Using integral calculus to calculate probabilities!

In my post about $z$-scores & normal distributions, I briefly mentioned on how probabilities are computed using a normal distribution. In this post, I’d like to go a little more in-depth of how the calculation actually works, in addition to how this can be applied to other distributions as well.

Let’s first take the normal probability density function and write it in terms of $z$ ($z$-scores), for simplicity. We will assign the value of $\mu$ to $0$, and the value of $\sigma$ to $1$. Here is our function:

\[f(x) = \frac{1}{\sigma\sqrt{2\pi}}e^{-\frac{1}{2}\left(\frac{x-\mu}{\sigma}\right)^2}\]

and in terms of $z$:

\[f(z) = \frac{1}{\sqrt{2\pi}}e^{-\frac{z^2}{2}}\]

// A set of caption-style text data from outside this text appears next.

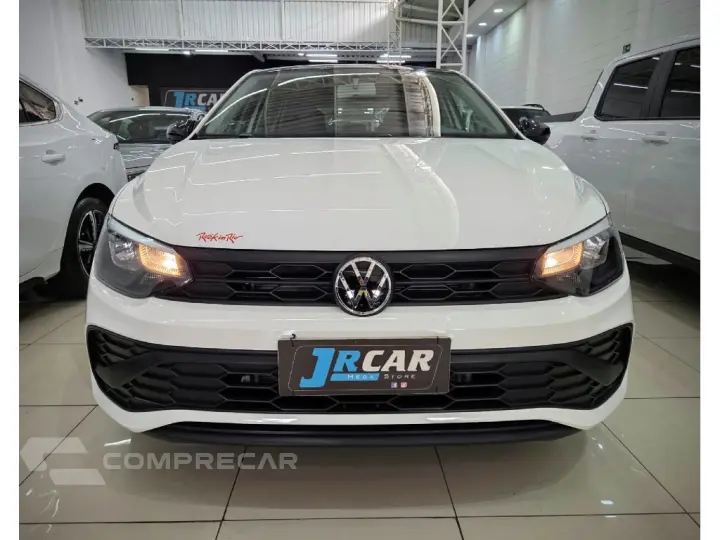 POLO 1.0 MPI ROCK IN RIO MANUAL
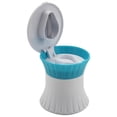 thumbnail image 2 of Pill Crusher Cutter Splitter Grinder - [3 In 1] - Pill Crusher Pulverizer - Tablet Cutter with Small Pill Box Container, 2 of 8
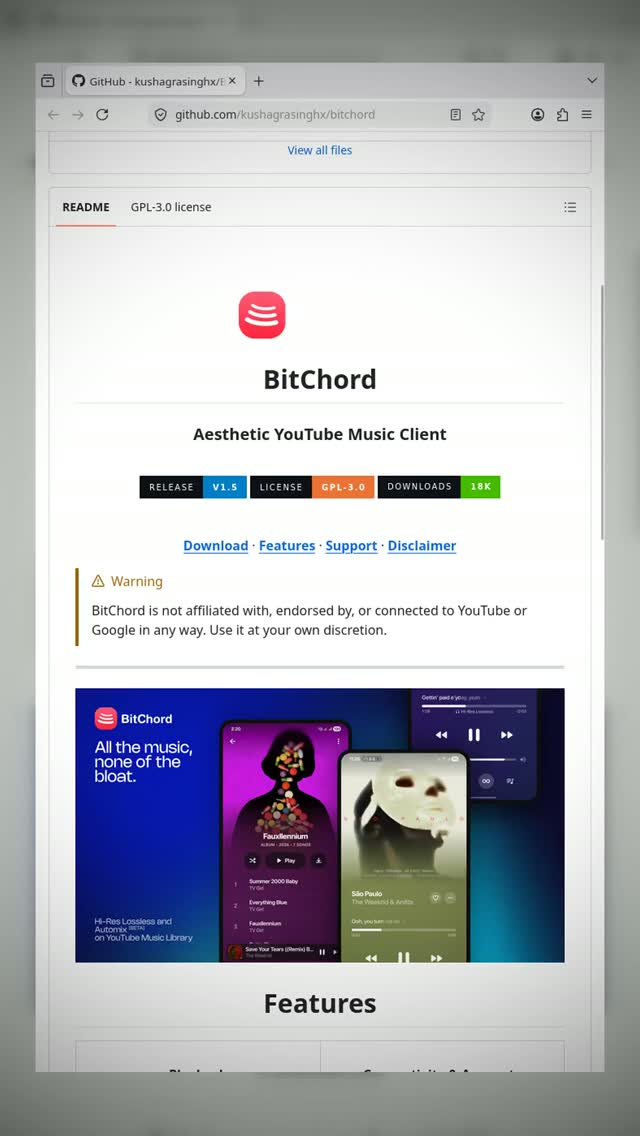 This Android app does more than play songs—it actively mixes them.
Bitchord is an Android app that turns your phone in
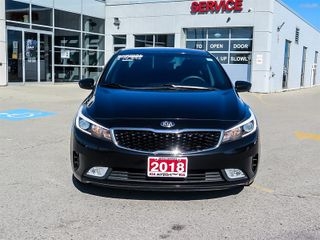 2018 Kia Forte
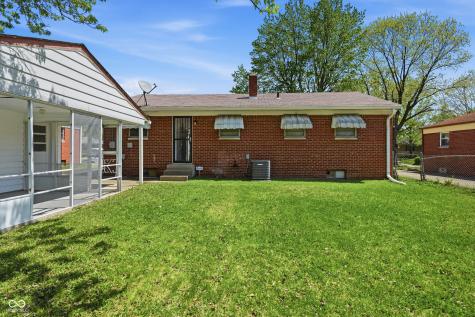 3920 Priscilla Avenue Indianapolis IN 46226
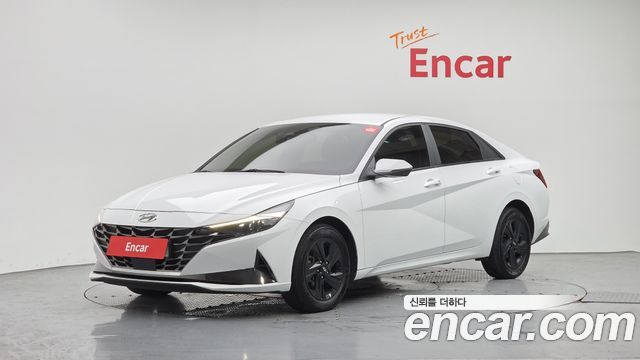 Hyundai Avante CN7 1.6 Modern - фото 0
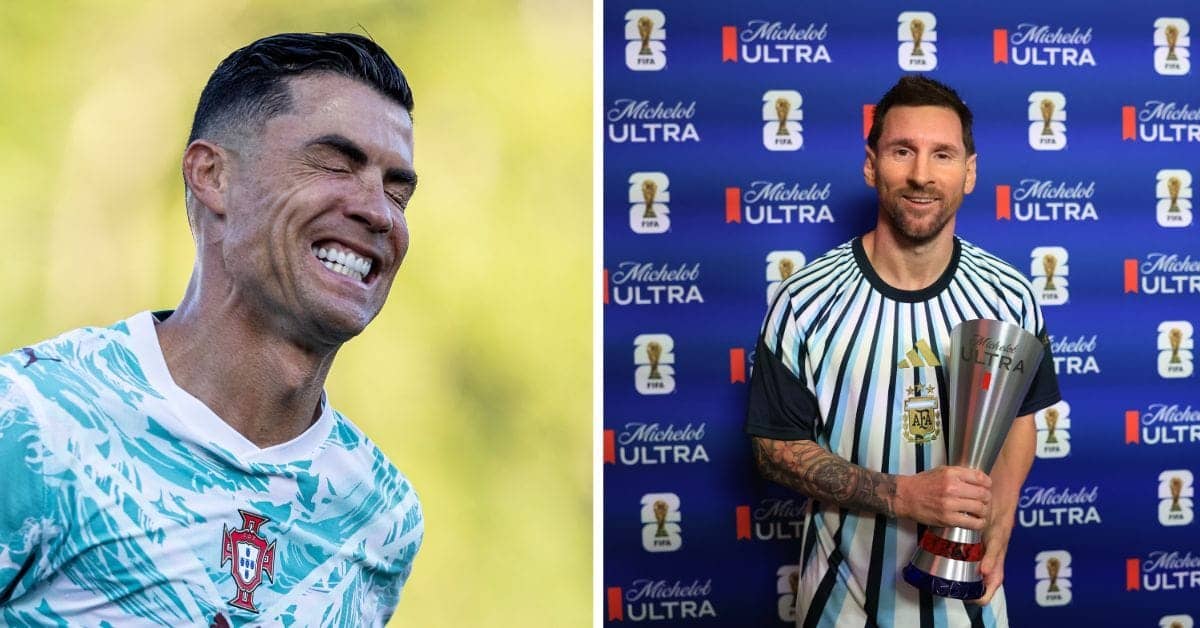 Messi Ka Jadoo: Hat-Trick Se Ronaldo Ka Record Tod Diya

To calculate a probability, we can use calculus to integrate the normal probability density function between $2$ $z$-scores. For instance, let’s assume that we select the $z$-interval from $z=-0.5$ to $z=0.5$. Here is the definite integral that we need to compute in order to find $P(-0.5 < z < 0.5)$:

\[P(-0.5 < z < 0.5) = \int_{-0.5}^{0.5} \frac{1}{\sqrt{2\pi}}e^{-\frac{z^2}{2}} \space dz\]

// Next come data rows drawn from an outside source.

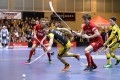 Fredrik Holtz vs. Jonas Ledergerber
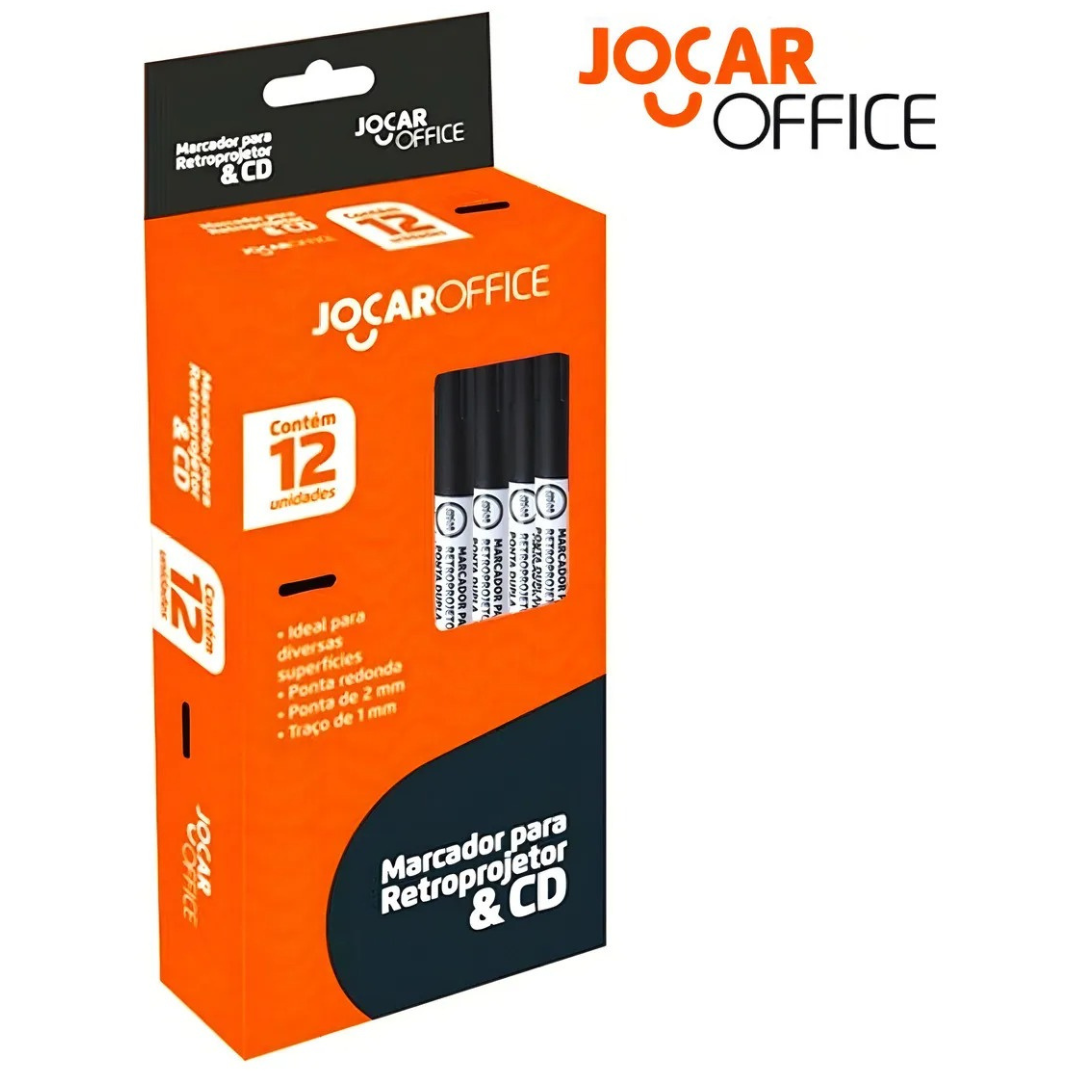 Marcador Cd 2Mm Pt Leo E Leo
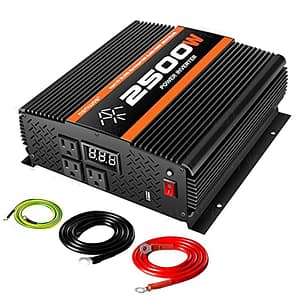 Top-Rated RV Power Inverters for Uninterrupted Adventures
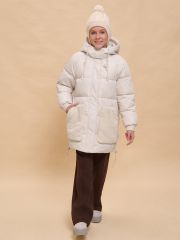 GZXW3294 PELICAN Куртка Молочный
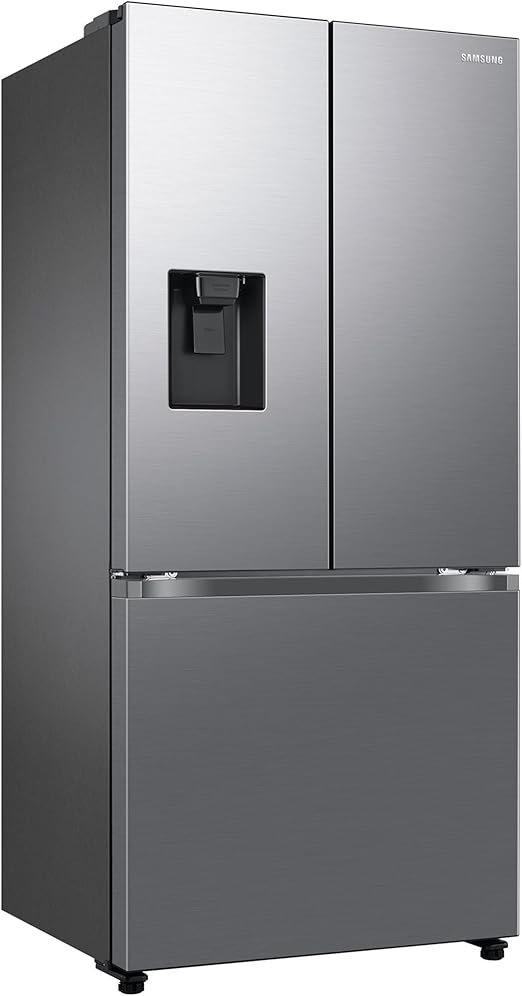 réfrigérateur-samsung-bespoke-ai-multi-portes--distributeur-d'eau----495l---classe-e--rf50c530es9---12-mois-de-garantie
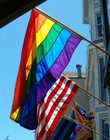 Photos rainbow flag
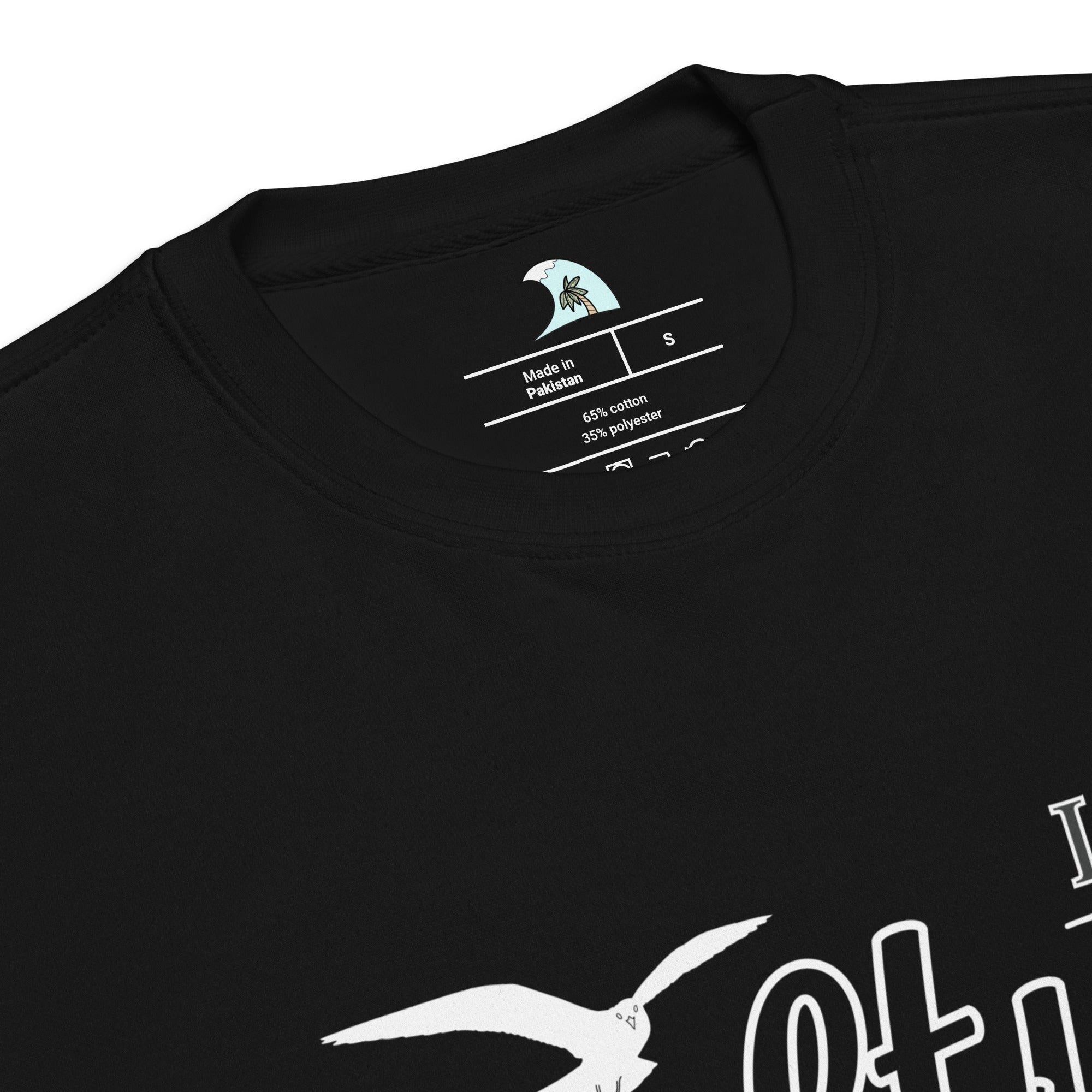 Men's Premium Live Salty, Die Free Sweatshirt | Streetwear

The answer to this integral comes out to be about $0.38292$, which represents the probability that $z$ is between $-0.5$ and $0.5$.

Suppose we wanted to know the probability that $z$ is between the region from $0.5$ to $+\infty$. This would be represented by the following improper integral:

\[P(z > 0.5) = \int_{0.5}^{+\infty} \frac{1}{\sqrt{2\pi}}e^{-\frac{z^2}{2}} \space dz\]

And the answer comes out to be about $0.30854$, which is the result of integrating the normal probability density function between the two “bounds.”

What if we wanted to find a probability under, say, the $\chi^2$ distribution? We would first need to define our bounds for the integral. However, we would need to be careful with our low bound, since the minimum $\chi^2$ value for the distribution is $0$. Next, we would use the same integral calculation to calculate our probability. For this example, let’s assume our degrees of freedom is equal to $4$ (for a Goodness of Fit statistical test), and our low & high bounds are $7.3$ and $+\infty$, respectively. Let $k$ represent the degrees of freedom, and $\Gamma$ represent the gamma function. Here is our integral:

\[P(\chi^2 > 7.3) = \int_{7.3}^{+\infty} \frac{\left(\chi^2\right)^{\frac{k}{2}-1}\cdot{e^{-\frac{\chi^2}{2}}}}{2^{\frac{k}{2}}\cdot\Gamma\left(\frac{k}{2}\right)} \space d\chi^2\]

And, our answer turns out to be about $0.12086$.

It’s amazing that the probabilities under distributions in statistics are computed using important calculus concepts like integration. Differential calculus (as far as I know) seems to be quite rare in statistics, but we shall see what the future unfolds!